Quasi-Newton Methods (2/2): BFGS

BFGS

Instead of making the ansatz that the $B_{k+1}$ update is by summing an outer product, we instead make the ansatz that $H_{k+1}$ should be close to $H_k$ while satisfying the symmetry and secant equation constraints. Hopefully, the closeness requirement will make the update easy to compute.

Thus, $H_{k+1}$ is the solution to the constrained minimization problem

\[\begin{aligned} \min&\quad \|H - H_k\|_{W}^2 \\ \text{subject to}&\quad H = H^\top \\ &\quad s_k = Hy_k. \end{aligned}\]

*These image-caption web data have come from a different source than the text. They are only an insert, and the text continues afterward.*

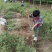 枸杞苗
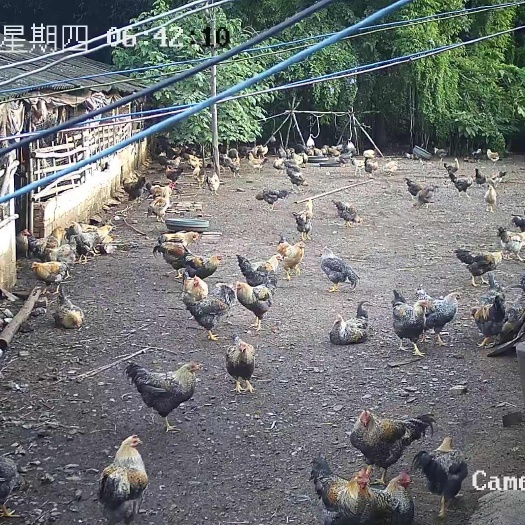 兴业县广西玉林新鲜芦花阉鸡，散养肉质鲜美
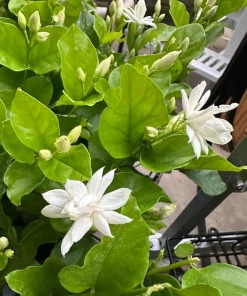 Jasmine Belle of India Live Plant – Double Arabian Jasmine – 4 to 6 Inch Tall – Highly Fragrant - Image 3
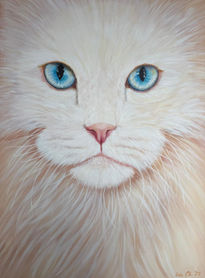 White cat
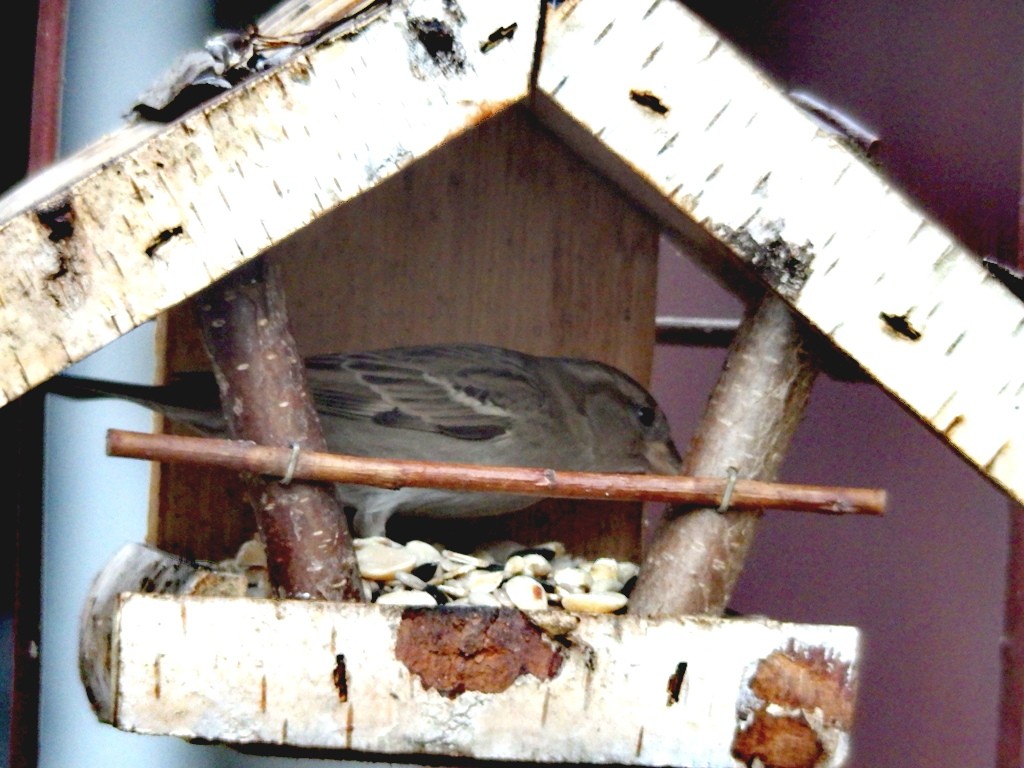 livebirdspoland_578e6e8a88517f3c5ab8b9aed29a4011.jpg
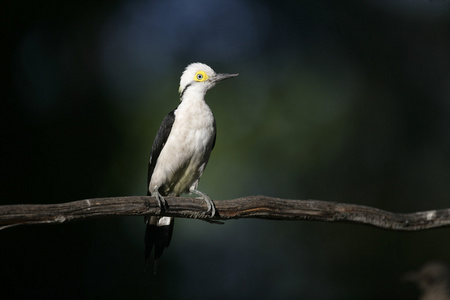 白色的啄木鸟，melanerpes 蘑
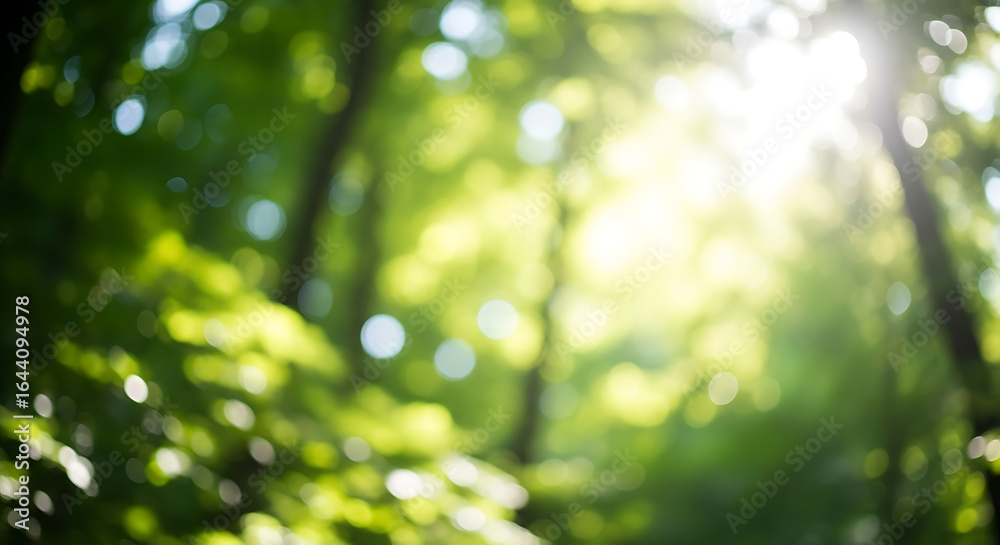 Obraz premium Photo of blurred sunlight shining through trees in green forest
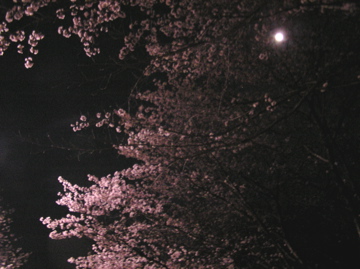 f0128723_2348950.jpg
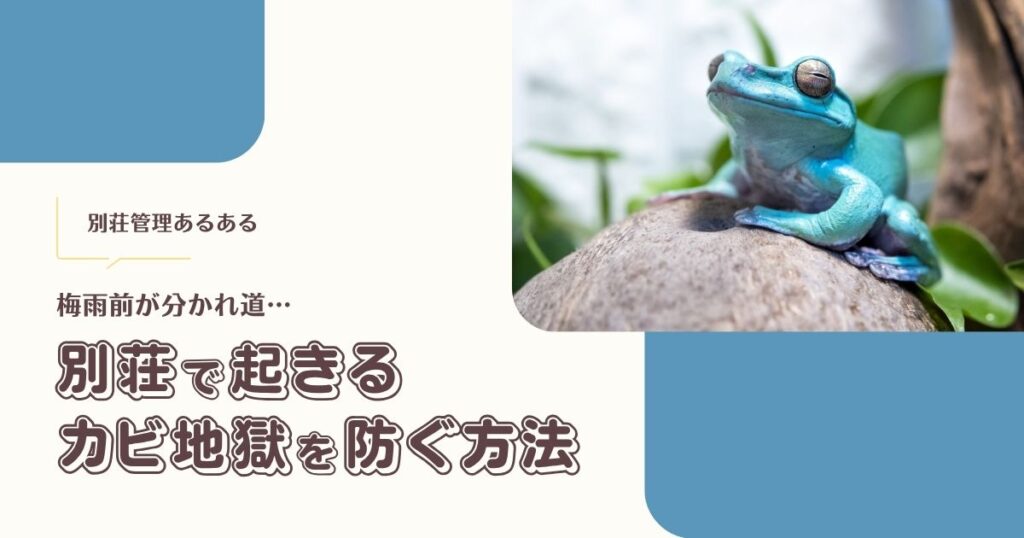 梅雨前が分かれ道…別荘で起きる『カビ地獄』を防ぐ方法【別荘管理あるある】 -リアル多拠点日記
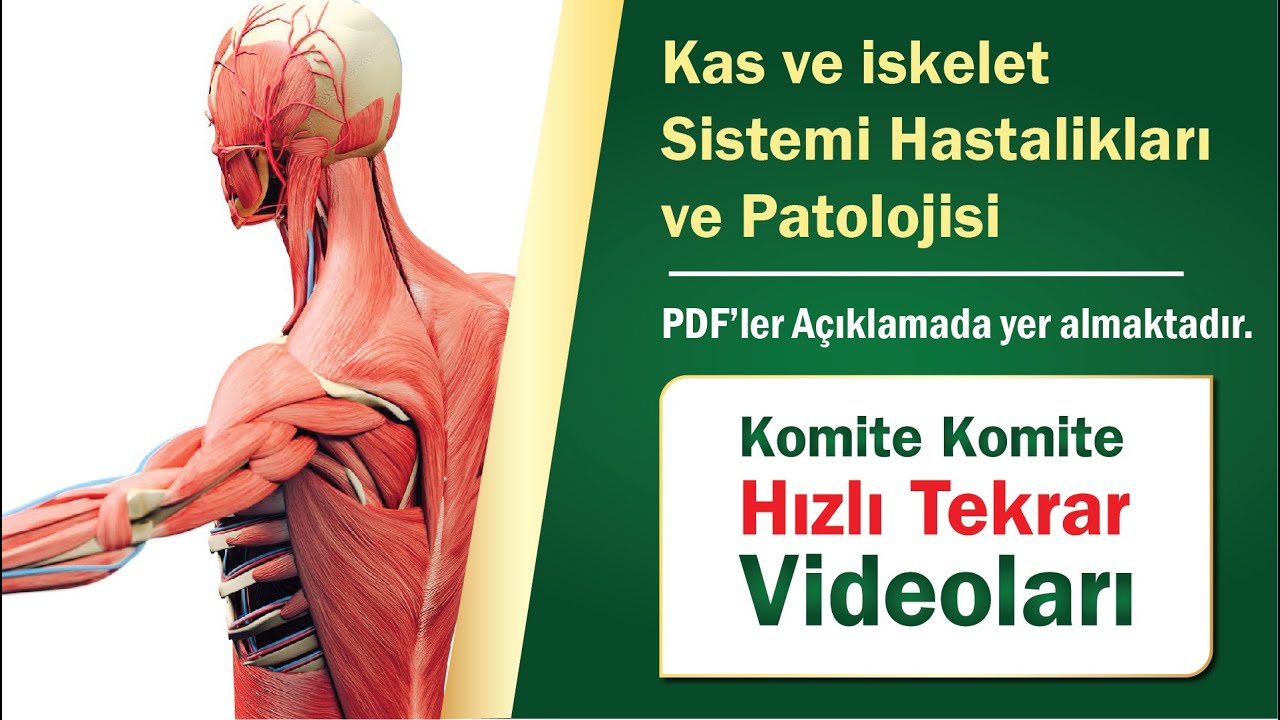 28 | Kas ve iskelet sistemi hastaliklari ve patolojisi Hızlı Tekrar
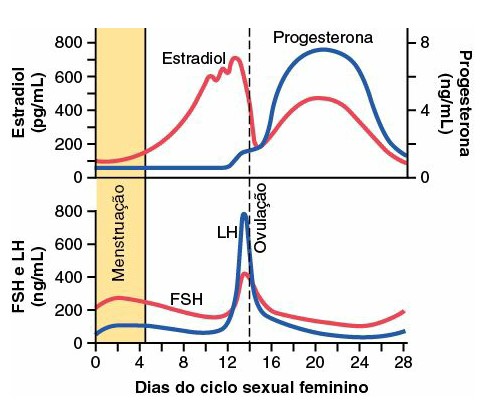 Concentrações plasmáticas hormonais no ciclo menstrual.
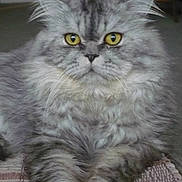 Harley is registered to the contest to win money with this photo: cat, fluffy, gray_fur, long_hair, persian_cat, yellow_eyes, portrait, sitting, front_view, paws, whiskers, ears, indoor, blanket, textile, home, closeup, pet, alert, furry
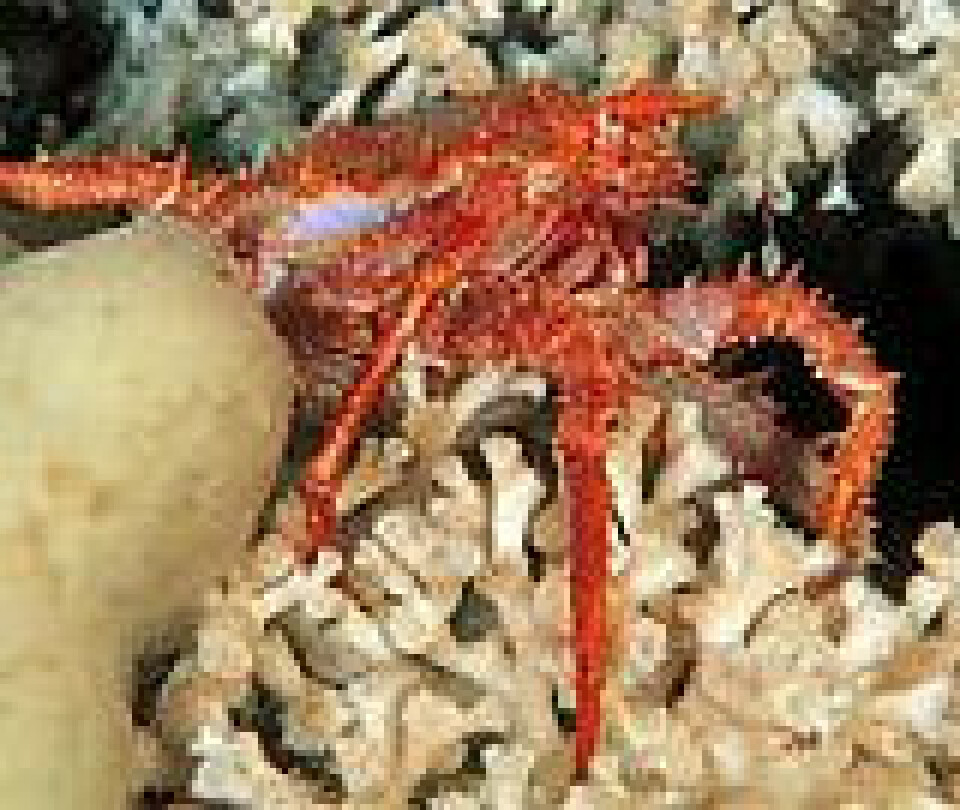 'Korallen Lophelia pertusa, og krabben Lithodes maja på korallrevet Selligrunnen i Trondheimsfjorden. (Foto: WWF-Canon / Erling Svensen)'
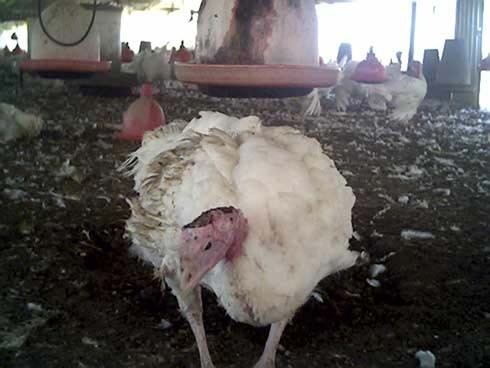 תרנגולות עם פצעים רבים, אשר ככל הנראה נגרמו כתוצאה מתקיפה של תרנגולות אחרות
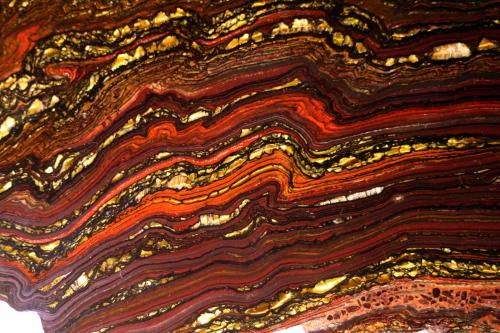 fuckyeahmineralogy: Banded Iron Formations (often referred to as BIF) such as this specimen are Prec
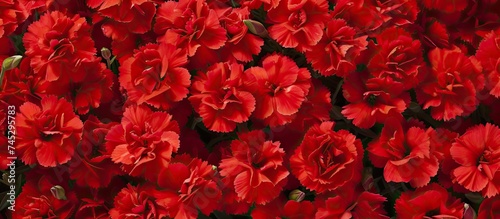 A cluster of vibrant red flowers blooming beautifully in the Dianthus Cherry Burst variety. The rich red blooms create a stunning burst of color, showcasing the natural beauty of the blossoms. © TheWaterMeloonProjec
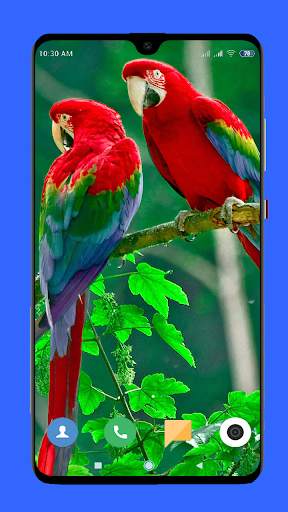 Parrot Wallpaper HD screenshot 5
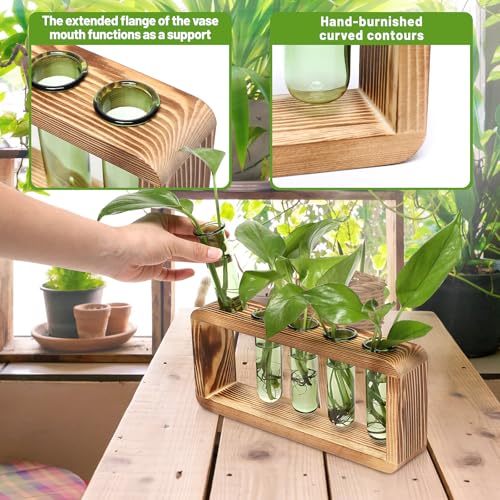 Glass Plant Propagation Station with 5 Test Tubes Colorful Planter Vase | Birthday Gifts for Women in Wooden Stand - color: Green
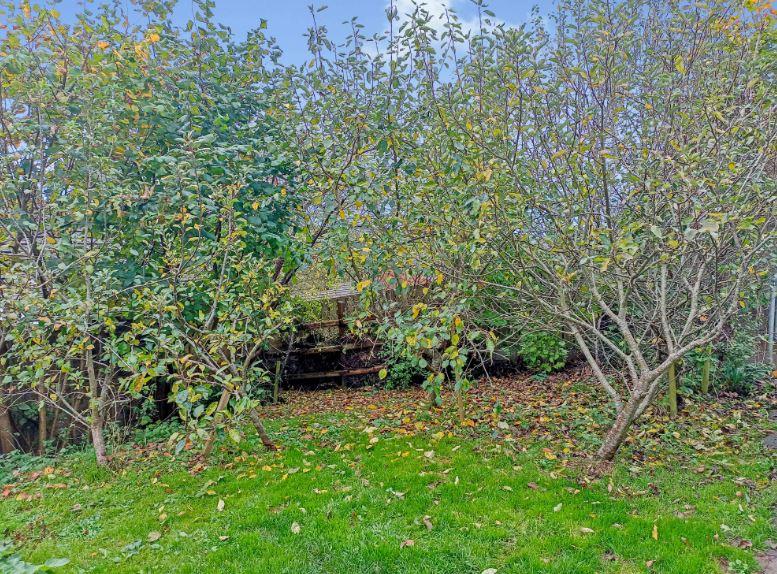3 Bedroom Detached Bungalow for Sale in Newcastle Emlyn, SA38 9EL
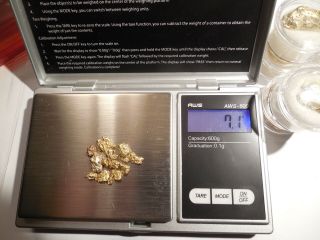 7.  1 Gram Gold Nuggets Eureka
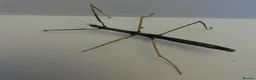 Stick Insects invertebrates for sale: 6 Thai beauty stick insects for new homes  - Advert 1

Here $\|A\|_W = \|W^{1/2}AA^{1/2}\|_F$ denotes the weighted Frobenius norm where $W$ is any symmetric matrix satisfying $Wy_k = s_k$.

Define

\[\begin{align*} \hat{H} &= W^{1/2}HW^{1/2} & \hat{H}_k &= W^{1/2}H_kW^{1/2} \\ \hat{s}_k &= W^{1/2}s_k & \hat{y}_k &= W^{-1/2}y_k \end{align*}\]

Then the optimization problem becomes

\[\min \|\hat{H} - \hat{H}_k\|_F^2 \quad\text{subject to} \quad \hat{s}_k = \hat{y}_k = \hat{H}_k \hat{y}_k\]

as $W^{-1/2}W s_k = W^{-1/2}y_k$.

Since $\hat{y}_k$ is an eigenvector of $\hat{H}$, let $u = \hat{y}_k/\|\hat{y}_k\|$. For an orthonormal complement $u_\perp$, $U = [u \mid u_\perp]$ is an orthonormal basis. Note that

\[\|\hat{H} - \hat{H}_k\|_F^2 = \|U^\top \hat{H}_kU - U^\top\hat{H}U\|_F^2\]

because the Frobenius norm is unitary invariant.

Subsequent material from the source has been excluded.